100% licensing essentially divests copyright claimants of control, fractures the system, threatens the creative process, increases exposure to IP loss and results in a huge loss of royalty fees to those who have a legal, rightful claim to them. Think of it as a slow, progressive parasite that kills its host.
This interpretation of longstanding intellectual property law, while not entirely without precedent, albeit very limited in scope, would be an unmitigated disaster for songwriters, composers and other copyrightable creations. Music in all of its genres and varied uses would be adversely impacted by this counter-intuitive position.
According to Stanton’s ruling “The consent decree neither bars fractional licensing nor requires full-work licensing,” which is the exact opposite of what the DOJ argued when it gave ASCAP and BMI one year to employ full-works licensing.”
The only portion of the DOJ ruling that is of actual use and merit, is the rightful pointing of the finger of obligation at Congress, before quickly returning to their very disturbing and ongoing pattern of legislating from an unelected position; creating an entirely new dictate out of whole cloth, and essentially a new form of Copyright infringement. That element alone, should be of equal concern and focus.
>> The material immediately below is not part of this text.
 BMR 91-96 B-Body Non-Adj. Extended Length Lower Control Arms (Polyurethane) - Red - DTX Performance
I understand you may, to some degree consider this to be a bit of melodrama, but from where I sit, it isn’t far off the mark. In a previous life cycle, I made a living as a musician, both live and studio. Some of my dearest friends are lifelong songwriters and composers, that have decided it simply may not be worth the effort anymore. Of course, they will keep writing for the sheer love of it, but will spend less time doing so, which means decreased volume or supply. Who do you know willing to work for free? I don’t believe it can be considered mailbox money, if it isn’t worth walking to the mailbox to collect it.
Considering these people have written multi-platinum songs that most everyone in the free world are familiar with, I cannot think of a more compelling reason for long overdue, decisive action to protect their, and all intellectual property, past and future, and make it once again worthwhile to rekindle the full potency of creative energies.
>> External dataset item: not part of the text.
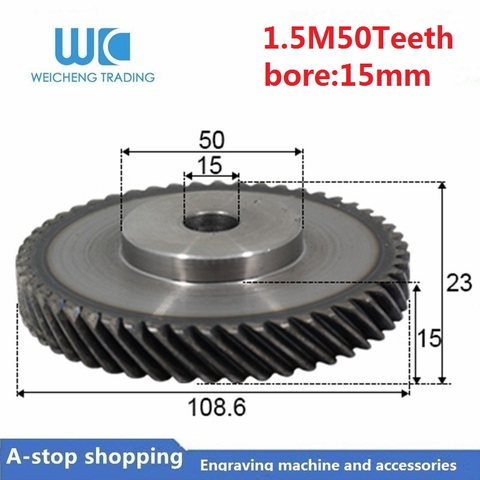 Helical gear 1.5 MOD 50 teeth Inner hole 15mm Spur and Helical Tooth Small 45# steel Gear Wheels ► Photo 1/1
Bottom line: a variety of influences have rendered songwriting and music composition significantly less feasible in the classic sense, with increased risks and exposure to loss of intellectual property and/or the revenue associated with same. Assuming you are a music lover/user, that should be of deep, contemplative concern.
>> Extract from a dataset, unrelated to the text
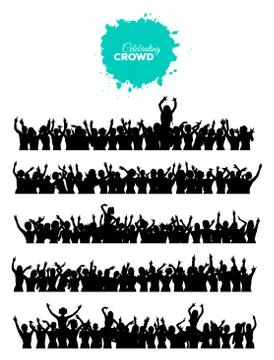 Celebrating Crowd Set Stock Illustration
It would seem that both Congress and existing laws and regulations in this area of American jurisprudence desperately need to catch up with the times. Imagine a world absent half of your favorite songs. Is ignorance truly bliss, or is it just ignorance?
Meanwhile, the only defense I can find of the DOJ ruling comes from the radio and digital music industries. Wow… there’s a surprise! What next, they hand the keys to the blood bank over to Dracula?
To be clear, Ideashares has no political affiliation. We exist to promote, assist and protect intellectual property and intellectual property holders. On our weekly radio show, we occasionally discuss laws & policies, inclusive of the regulatory environment, that represent a threat or create even more barriers to the maintenance of (or at least attempting) an optimal environment for creation, innovation and entrepreneurialism.
Politics in this context is only relevant in the sense that it is the engine that drives policy. The results and consequences of those policies, good and bad, fall to the entirety of the governing body that created them. From a macro perspective, party affiliation is a smokescreen. Look at the results. Follow the money.
Also accounting for the numerous current issues that exist at the USPTO (United States Patent & Trademark Office), how long can we afford to operate in this dysfunctional, Keystone Cop, intellectual property environment, while our trust level with the rest of the world continues to freefall? Uncertainty equals unreliability, which is not a recognized form of leadership, unless the pursuit is to achieve irrelevance. What we need is new leadership. REAL leadership.
So, after the applause ebbs, we need a thunderous national demand for our esteemed government to set aside their self-serving, political “partisan sizing, and do what they are being way overpaid to do. Although, I would be remiss not to offer a word of caution and reason for pause. After all, we are talking about the same Congress that reversed 235 years of well-functioning patent law, to give us the cryptic cluster foxtrot otherwise known as the America Invents Act of 2011.
Again I say…lead or get out of the way.